Her expenses exceeded the Schneiders' medical insurance by $500,000. Schneider sold her life-insurance policy for about $250,000 and used the money to buy medicine and pay bills, he said. The investors who bought her policy received a $500,000 death benefit when she died last year.
"Selling that policy extended her life for years," Schneider said. "If this market hadn't existed, we would have become financially destitute."
In addition to the free cruises in Florida, investors including one large hedge fund have hired a California telemarketing company to call elderly citizens and ask if they would apply for life insurance in exchange for a paycheck.
Starting to fight back
The insurance industry has begun to fight back.
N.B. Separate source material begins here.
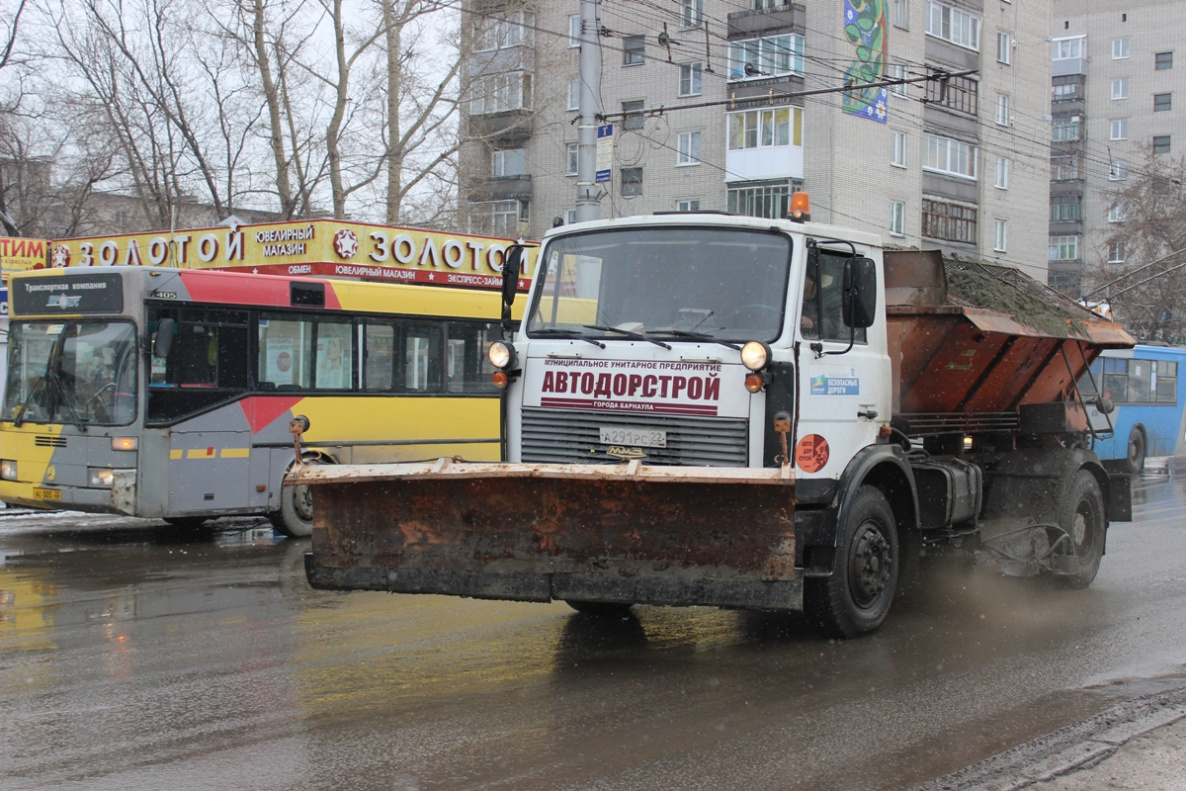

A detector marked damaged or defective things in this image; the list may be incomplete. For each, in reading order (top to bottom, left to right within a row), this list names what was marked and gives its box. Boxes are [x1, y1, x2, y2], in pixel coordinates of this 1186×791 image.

rusty plow blade [294, 457, 806, 611] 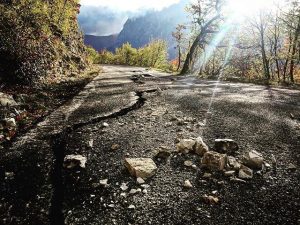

Legislatures in New Jersey, New York and nine other states have proposed laws intended to outlaw spin-life investments or make it more difficult for investors to get payouts, according to the Life Insurance Settlement Association.
Insurance companies have also sued to cancel policies, contending payouts benefiting outside investors violate the legal requirement that beneficiaries have an "insurable interest" in the policyholder's life.
But many advocates for the elderly and industry insiders worry that seniors will lose their legitimate ability to sell life-insurance policies they have held for years.
"We've put billions of dollars in the hands of seniors who were getting thrown out of their homes or needed medication, and their only asset was a life-insurance policy," said Scott Page, chief executive of the Lifeline Program, a company that helps investors buy such policies from the elderly and infirm. "If you make it harder to sell these policies, you're taking money out of the hands of people who have nothing else."
A lawyer who has helped the elderly set up spin-life arrangements worth more than $300 million said that often the terms of the deals prevented his clients from profiting.
"Investors say, 'I'll loan you money to buy a new policy, and in a few years I'll buy it from you,' " said Larry Brody, a partner at the law firm Bryan Cave.
But a few years later, when the seniors sell the policy, they owe so much in interest and fees on the loan, he said, "it eats up all the profit. And what's more, they can't buy another insurance policy, because insurers are unwilling to give them more coverage."